La fonte des glaces, un sujet brûlant : le rôle de la confiance dans la navigation sur l’Océan Arctique

La fonte des glaces, un sujet brûlant : le rôle de la confiance dans la navigation sur l’Océan Arctique
Study co-author Steffen Olsen (Danish Meteorological Institute) during an extreme event of flooding of sea ice by abrupt onset of surface melt in Northwest Greenland. The team was retrieving oceanographic moorings and weather station on sea ice. Photo credit: Steffen Olsen / DMI

Pendant les mois d’été, la fonte de la banquise arctique contraint les scientifiques à développer au plus vite de nouveaux moyens de cartographier et d’anticiper la présence de glace dans l’océan Arctique. Dans le cadre de notre nouvelle recherche, nous avons repéré 7 facteurs clés qui favorisent la confiance envers les nouveaux outils de mesure de la banquise. Mais le dernier obstacle à l’adoption totale des nouveaux produits de prévision est de nature institutionnelle et politique...

Prévisions environnementales pour des opérations maritimes sûres et durables

Dans l’océan Arctique, les conditions environnementales évoluent de plus en plus rapidement en raison du changement climatique. Dans le même temps, les activités humaines devraient se multiplier dans la région. Le caractère toujours plus imprévisible des phénomènes liés à la banquise pose des problèmes d’adaptation.

Tous les secteurs et toutes les communautés sont concernés. Les pêcheurs et les chasseurs doivent connaître l’état de la banquise et savoir si elle est suffisamment stable avant de pouvoir l’emprunter. Les marins doivent quant à eux connaître les tendances en haute mer et identifier des passages sûrs au milieu des géants de glace. La demande d’informations pertinentes concernant la banquise est donc en hausse. Il s’agit de garantir la sécurité et le caractère durable des opérations dans la région.

Les services nationaux et d’autres agences développent en continu des produits d’information liés à la banquise. Pour obtenir des données fiables et exploitables, les services de prévision environnementale ont constamment été adaptés aux besoins des utilisateurs, en s’appuyant sur un processus de coproduction qui implique ces derniers.
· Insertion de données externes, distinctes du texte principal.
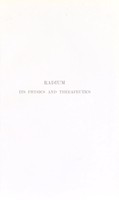 view Radium, its physics & therapeutics / by Dawson Turner.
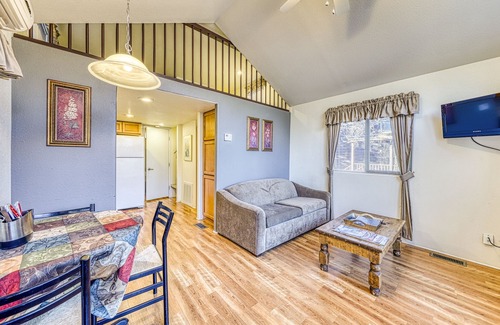 Fredericksburg Cabin | Secluded, family-friendly cabin w/ shared hot tub, playground, & winery on-site!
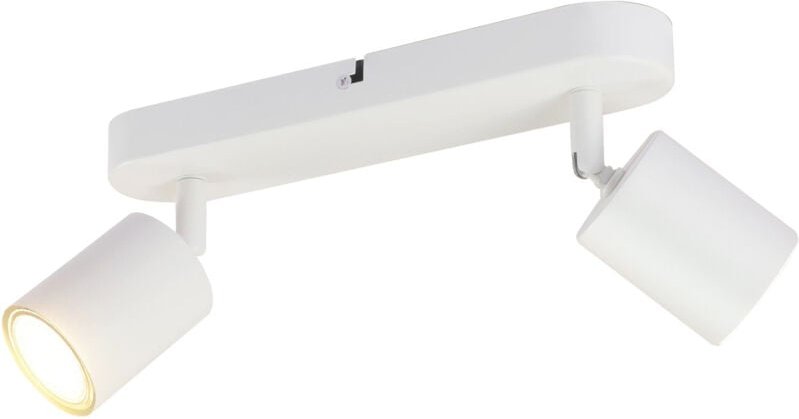 Led Deckenlampe Deckenstrahler Schwarz - 2 Flammig Deckenspots Flur GU10 Modern Deckenleuchte Flurlampe Schwenkbar Desig...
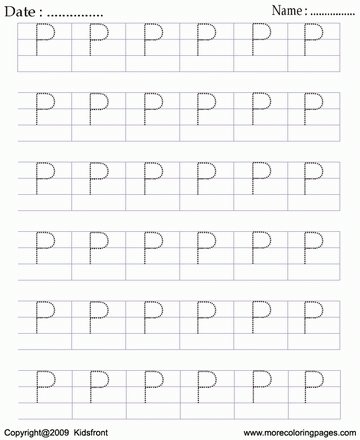 Block Letter Dot To Dots P Sheet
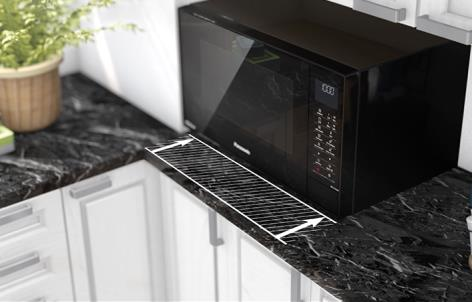 Купить Panasonic NN-CT56 Arbeitsfläche Kombi-Mikrowelle 27l 1000W Schwarz (NN-CT56JBGPG) в магазине wardena.ru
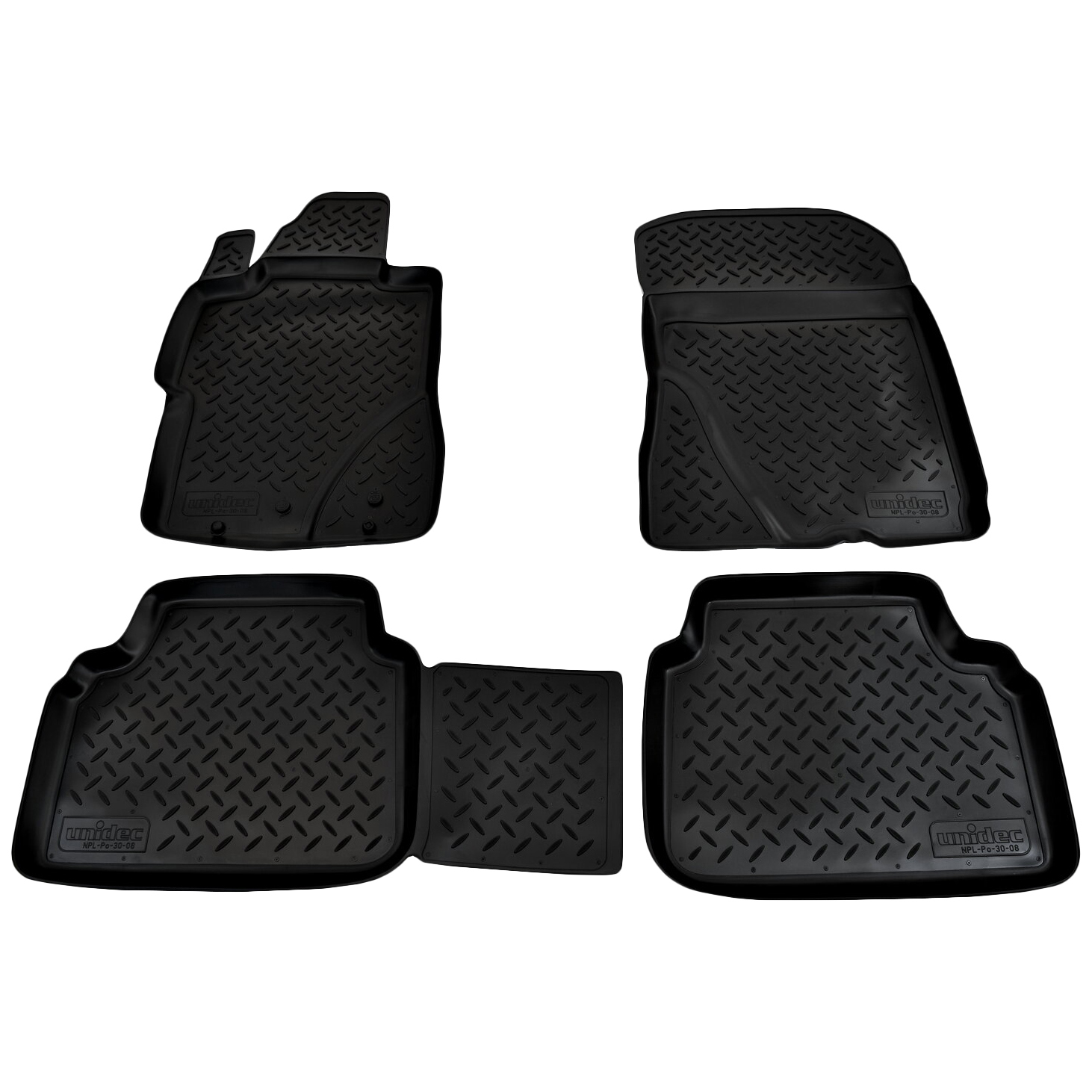 

Коврики в салон полиуретан NORPLAST HONDA CIVIC 4D 06- черный комплект NPL-Po-30-08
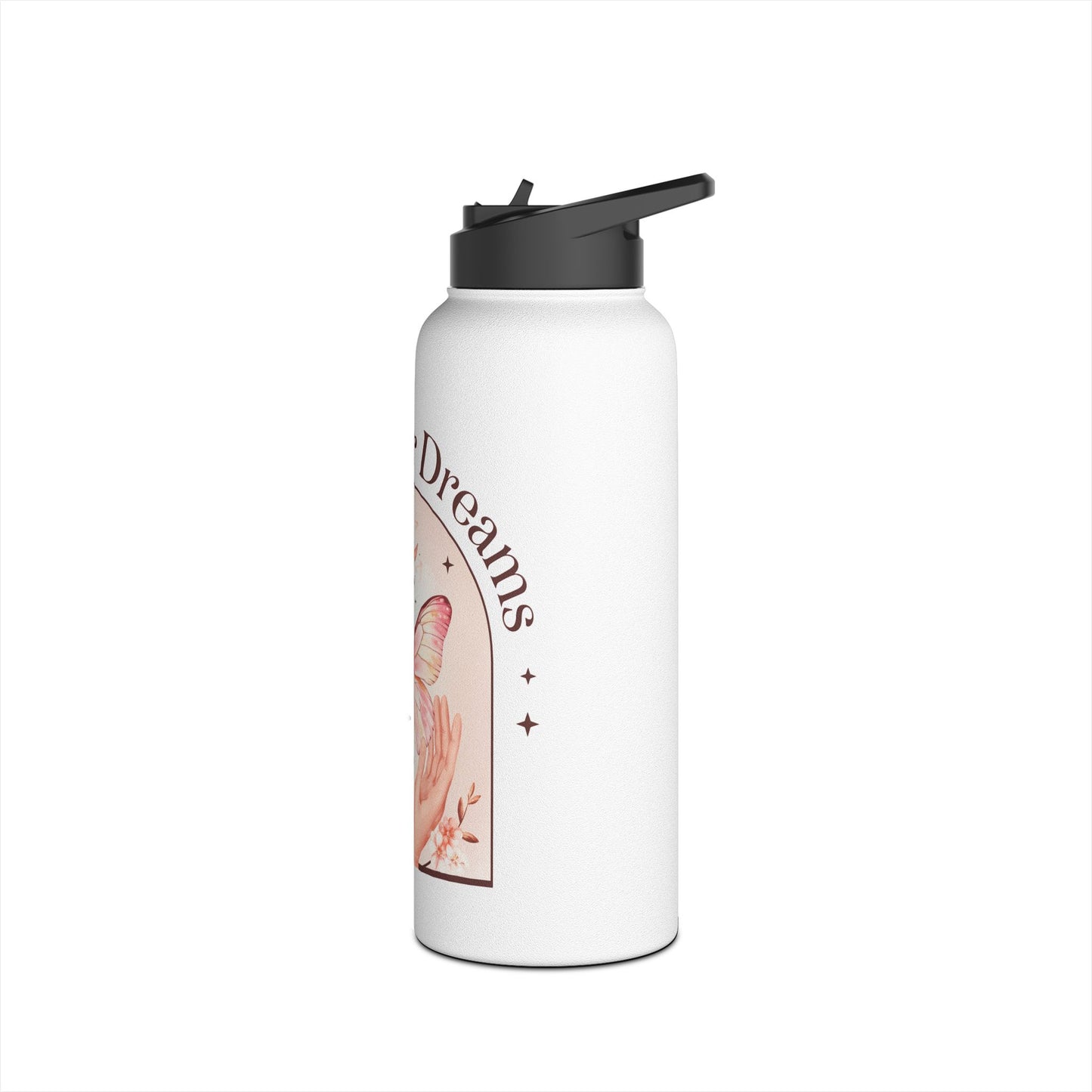 Inspirational Stainless Steel Water Bottle - Keep Your Dreams Alive, Motivational Gift for Her, Reusable Travel Flask, Eco-Friendly [...]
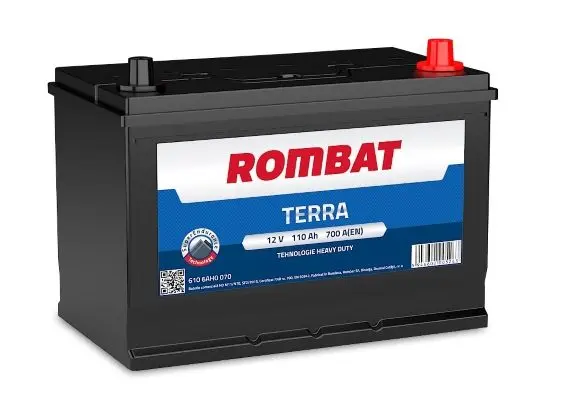 Baterie de pornire ROMBAT Terra 110Ah 12V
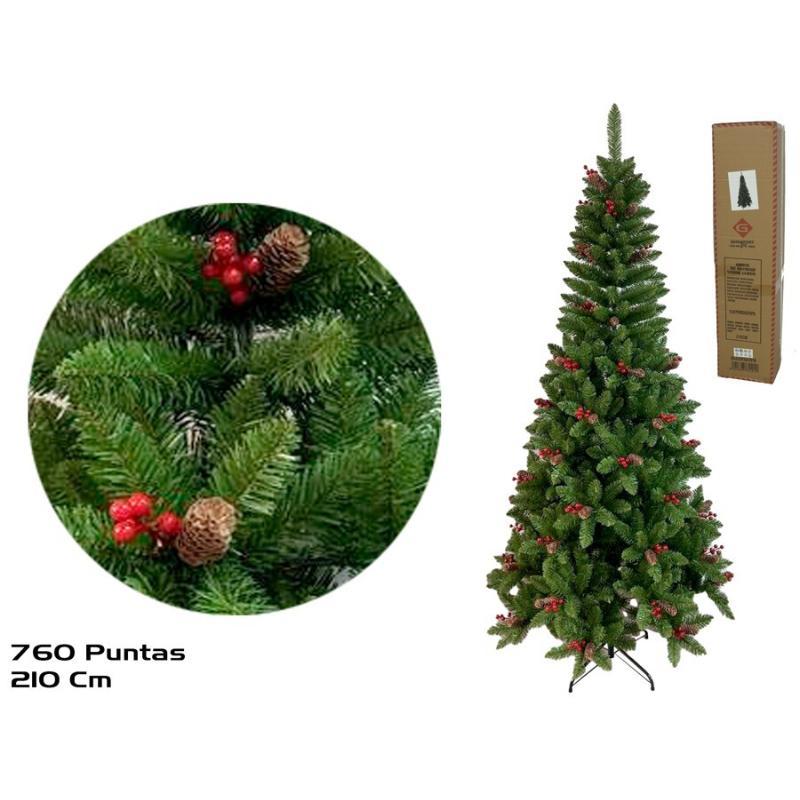 PINO C/PIÑAS Y BAYAS 210 CM 760P VERDE LUREN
Cette image met en avant la coproduction (Steffen Olsen est en route pour mesurer l’épaisseur de la glace avec des chasseurs groenlandais) et le type d’événement extrême qui rend indispensable la hausse des capacités prévisionnelles en Arctique (ici, l’inondation de la banquise suite aux fontes des glaces).
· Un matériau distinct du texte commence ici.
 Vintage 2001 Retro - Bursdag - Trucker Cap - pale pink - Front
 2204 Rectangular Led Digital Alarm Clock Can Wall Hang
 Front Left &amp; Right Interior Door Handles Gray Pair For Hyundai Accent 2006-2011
Mais l’amélioration des outils de cartographie et de prévision ne portera ses fruits que si le secteur maritime les adopte à des fins opérationnelles. Cela dépend de très nombreuses questions, et notamment de la confiance des utilisateurs. Notre étude porte sur les aspects qui favorisent ou détériorent la confiance qu’inspirent ces nouveaux produits, et sur le fait de savoir si les utilisateurs et les concepteurs s’accordent sur ces éléments. Si les deux parties parviennent à un consensus, cela tendra à prouver l’efficacité du partage d’informations dans le cadre des activités de coproduction.
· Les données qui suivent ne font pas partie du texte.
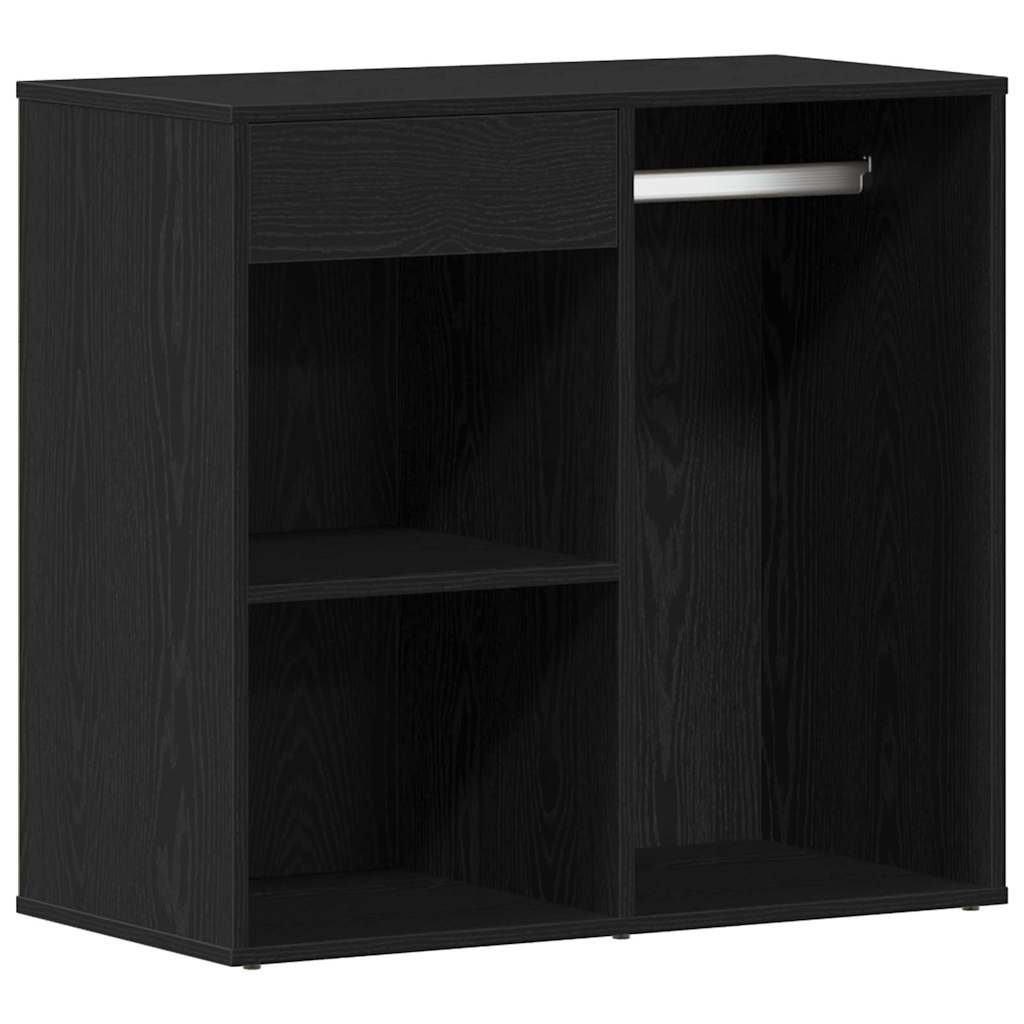 LED Set Toaletnog Stola s ladicama Crni hrast 140 x 40 x 140 cm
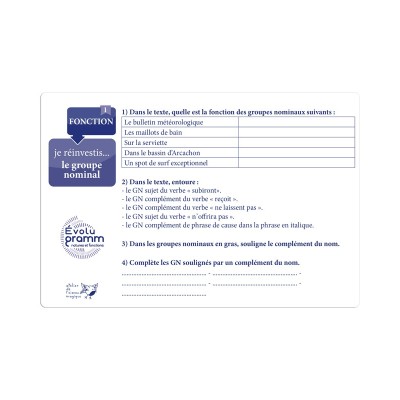 Évolugramm – Grammaire et orthographe Cycle 3 Évolugramm – Grammaire et orthographe Cycle 3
Sept facteurs pour promouvoir la confiance dans les produits d’information sur les glaces

Notre enquête en ligne sur les concepteurs et les utilisateurs d’outils de prévision a été évaluée à l’aide d’une méthode analytique largement reconnue. Les concepteurs et les utilisateurs s’accordent sur sept facteurs qui favorisent la confiance dans les nouveaux produits : la réputation du concepteur ; l’ergonomie du produit ; le contrôle ; la transparence (en ce qui concerne les incertitudes, notamment) ; les performances ; l’intégration ; et l’approbation par d’autres utilisateurs.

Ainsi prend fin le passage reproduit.